Usually the matching involves inductors and capacitors, but I had not tried resistor before. My question is whether adding a shunt resistance is recommended and will it degrade radiated power? A good or a bad move ?

thanks!
 

Hi spid3rx,

Matching like that, you would achieve that a transmitter would not see a reflected wave. But a part of power will be lost (both receiving and transmitting characteristics will be worse).
Instead, you can use standard matching techniques (e.g. quarter-wavelength line).
Regards

Z
 
Thanks Zorro,

Can you elaborate more on how the standard matching techniques? quarter-wavelength line ? do you mean by tuning the antenna length to
achieve quarter wavelength?
The BT antenna I have is ready made, the only thing left to do is just by using lump matching components.

thanks
 

In general, not a good thing. It introduces loss to the system and degrades NF and efficiency. Don't do it just for better matching.
 
Thanks cnm. New findings from my test, I tried to measure conducted power after the matching, it has been reduced with the resistance in place. Really not a wise move.
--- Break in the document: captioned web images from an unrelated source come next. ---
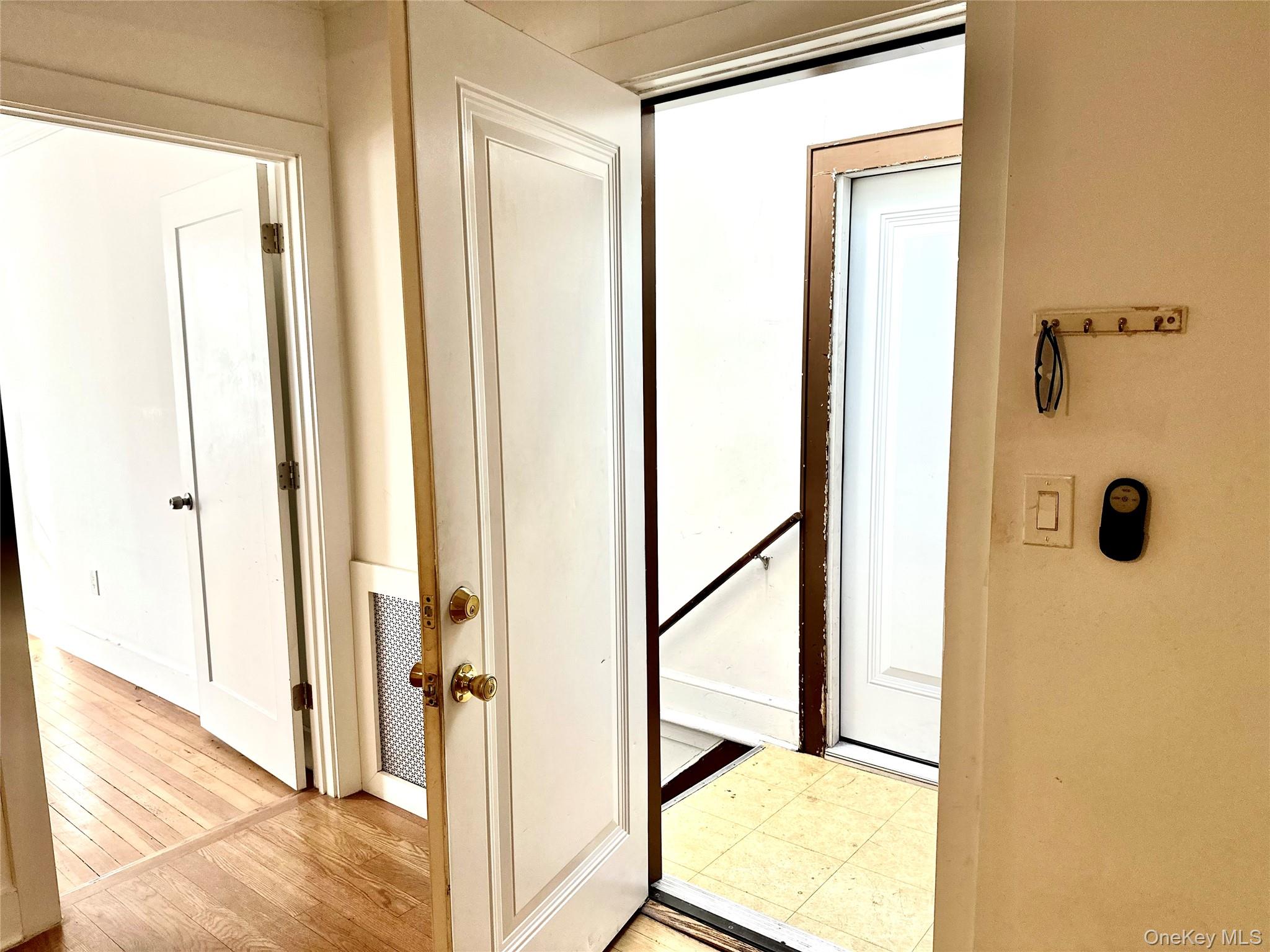 232 Fifth Avenue, Unit S (RIGHT SIDE) Pelham, NY 10803 - Photo 11 of 17 Standing in living room looking into the stairway.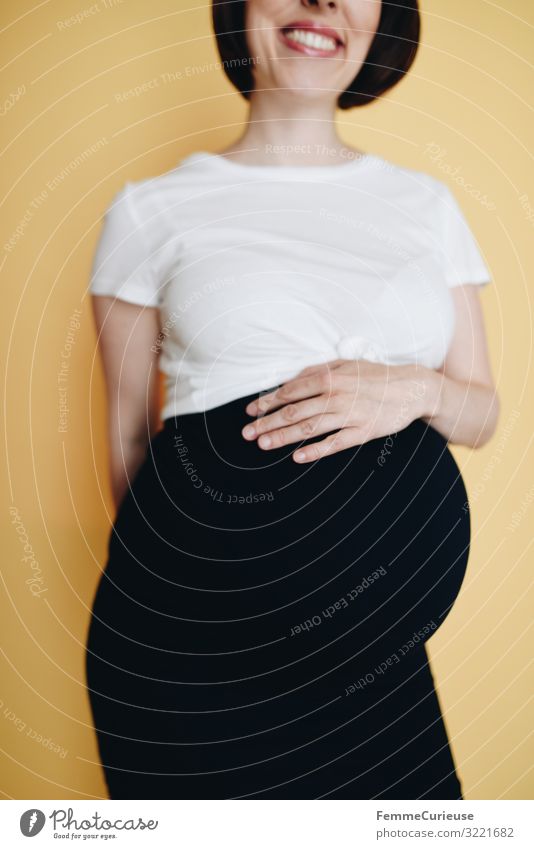 Urban young pregnant woman - neutral background Feminine Woman Adults 1 Human being 18 - 30 years Youth (Young adults) 30 - 45 years Happy Pregnant Baby bump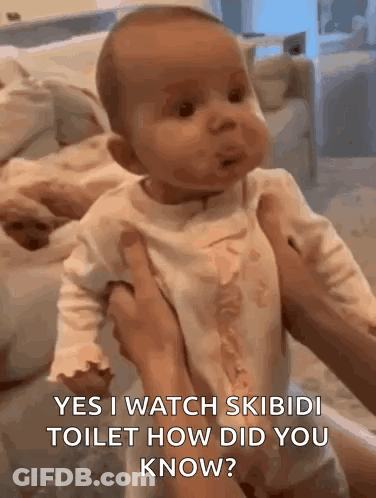 A Baby Is Being Held In A Person 'S Arms And Making A Funny Face . GIF
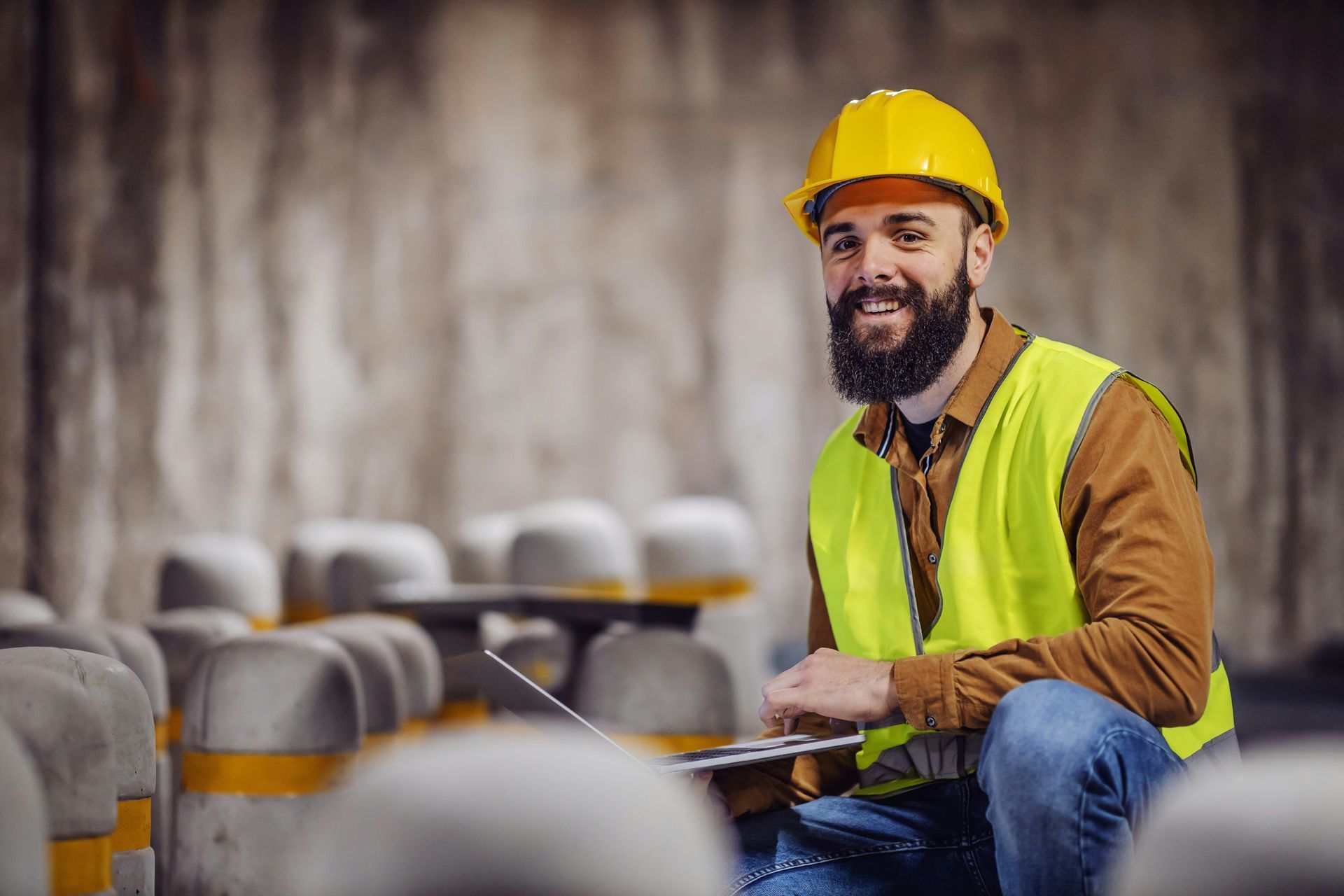 A man wearing a hard hat and safety vest is sitting on the floor.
I also realized one thing, this time without resistor, the higher i place for series inductor matching, the higher the loss regardless of the matching that I observed through
the network analyzer, I found out that 2.7nH has less than 1dBm loss compared to 4.3nH in series respectively. Is this observation hold true when doing matching ???
any thoughts ?

thanks
 

Hi spid3rx,
Matching with lumped elements will improve the matching for sure but it aint guarentee efficient power transfer from source to antenna as mentioned above that u ll loose power across lumped elements.

For impedance matching in antennas,mostly transformers are used as they provide matching with no loss. Use quarter-wavelength transformer or their are other methods aswell mentioned in all microwave books. for example you can check Microwave engineering book by David.M pozar to have idea about these matching techniques.
/SC
 
Theoretically reactive matching circuits using LC components have very low losses.

What cannot be ignored is the Missmatch Loss:
Missmatch Loss[dB] = -10*LOG [1 – Γ²]

So, whatever no-loss matching components you use, always will be a loss in the circuit if you get reflections.
 
Can you elaborate more on how the standard matching techniques? quarter-wavelength line ? do you mean by tuning the antenna length to
achieve quarter wavelength?

If you connect a quarter-wave line to a load with impedance Z2, the impedance seen is Z1=Z0^2/Z2.
In your case, Z2 is near 81.25 ohms, so you can get the Z0 necessary (63.7 ohms) for getting z1=50 ohms.
Regards

Z
 
Hi,

You improve the VSWR but you decrease the efficiency. There is no free launch. But when VSWR and/or bandwidth is very important you can use it.